When I left the hotel I noticed an angry group gathered outside the hotel. They were angry that Amendment 2 had passed, which prohibited government protection of LGBT citizens. Assuming just that day that this surely wouldn't pass was my first lesson in never taking anything for granted when it comes to politics. Last night was another example of that.
Fast foward twenty years. This session in the Colorado Legislature a bill was introduced to allow same-sex couple to form civil unions. It passed in the Democratic controlled Senate.
In the Colorado House the Republicans held the majority by just one vote. However history seemed to be on our side. In recent polling 72% of Coloradans support civil unions. Five House Republicans said they would vote for it if came to the House floor. The bill passed through several committees, barely surviving each time because one Republican voted for it.
Even former RNC Chair Ken Mehlman was supporting this initiative:
"I care about the health of the Republican Party, and blocking something the vast majority of voters support and that will undermine family values and undermine freedom seems to me to be both bad policy and bad politics," Mehlman told The Denver Post.Then....last night. The last night of the session to get any bills passed. The votes needed to take place before midnight. Around early evening the Republicans started fillibustering off of a technical bill around trans fats in school. They spoke for an hour on that, throwing around words like "freedom" and "government control." (Oh, the irony.) After they finally voted on that bill they kept fillibustering.

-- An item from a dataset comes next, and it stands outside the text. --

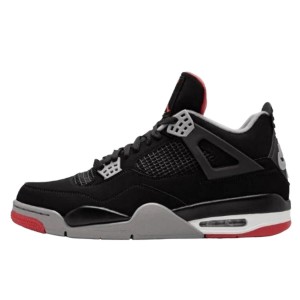 Air Jordan 4 Retro Bred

Then, the House recessed and never came back into session. The Republican House leadership, in a complete abdication of responsibility let 30 other bills die rather than vote on civil unions. Keep in mind that the Colorado House Leadership includes Majority Leader Amy Stephens, who worked for 10 years for Focus on the Family.
And once again, I felt that pain. Pain for same-sex families who still do not have the rights that my husband and I have. Pain for those who sought help through those 30 bills that were denied. And pain that my beautiful state of Colorado came so close to enlightenment. But we won't give up and we won't give in.
So today and on through November please remember this: vote the whole ballot. It matters, it really matters.